For your weekend reading, here’s a recap of five noteworthy stories that appeared on Data Center Knowledge this past week. Enjoy!
The New York Times Blasts “Cloud Factories” on Energy Use – It is telling that the New York Times, in today’s front-page story about the data center industry and its energy usage, begins with an anecdote from 2006. The Times describes a moment when Facebook engineers had to race to local retail stores to buy fans to prevent its servers from overheating. It’s the kind of anecdote most people in the industry have heard – but not in the last five years.
Google Provisions Wind Power in Oklahoma – In Oklahoma, when the wind comes sweepin’ down the plain, it will power Google’s servers. The giant Internet company today has cut a deal with a local utility to provide wind energy for the power grid supporting a large Google data center in Pryor, Oklahoma. The environmental group Greenpeace hailed the agreement as a model for how cloud computing firms can influence electric utilities to boost their use of renewable energy.

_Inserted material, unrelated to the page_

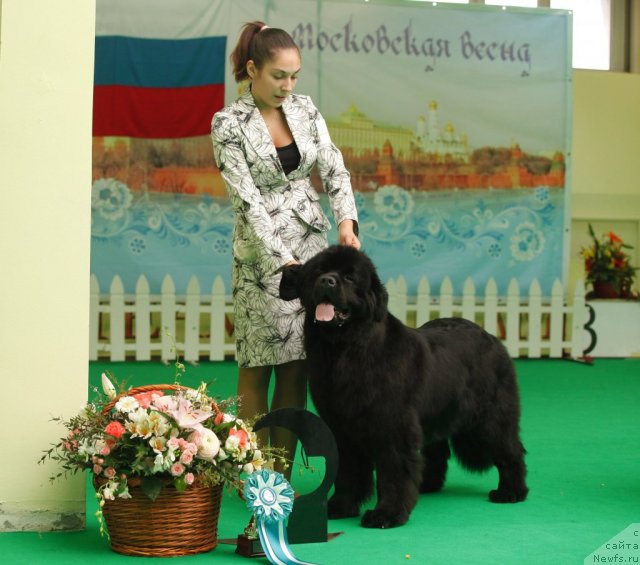 Фотография № 93867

Report Sees 40 Percent Growth for Pre-Fab Data Centers – Shipments of containerized data centers are forecast to grow 40 percent in 2013 compared to 2012, following a near doubling of the market in 2012, according to a new report from IMS Research. Containerized solutions have been around since 2005, but IMS says it’s only in the last two years has the market for modular designs has begun to establish itself.
Key Internet Intersection Hits 2 Terabits of Traffic Per Second – How much data is flowing through the Internet’s largest pipes? One of the network’s major intersections is the DE-CIX Internet exchange in Frankfurt, Germany, which reported last week that it has reached a new data throughput record of 2 terabits per second. More than 480 Internet service providers from over 50 countries are currently connected to DE-CIX, where each day they exchange more than 12 petabyte of data – a volume corresponding to 2.7 million DVDs.
Microsoft’s Energy Practices in Quincy Under Fire – Is Microsoft reducing its data center energy usage because it’s the right thing to do for the environment and local communities, or only to save money? The company’s commitment to sustainability was challenged by a report Monday that it was prepared to waste tens of megawatts of electricity at its Quincy, Washington data center in order to reduce a potential fine from the local utility.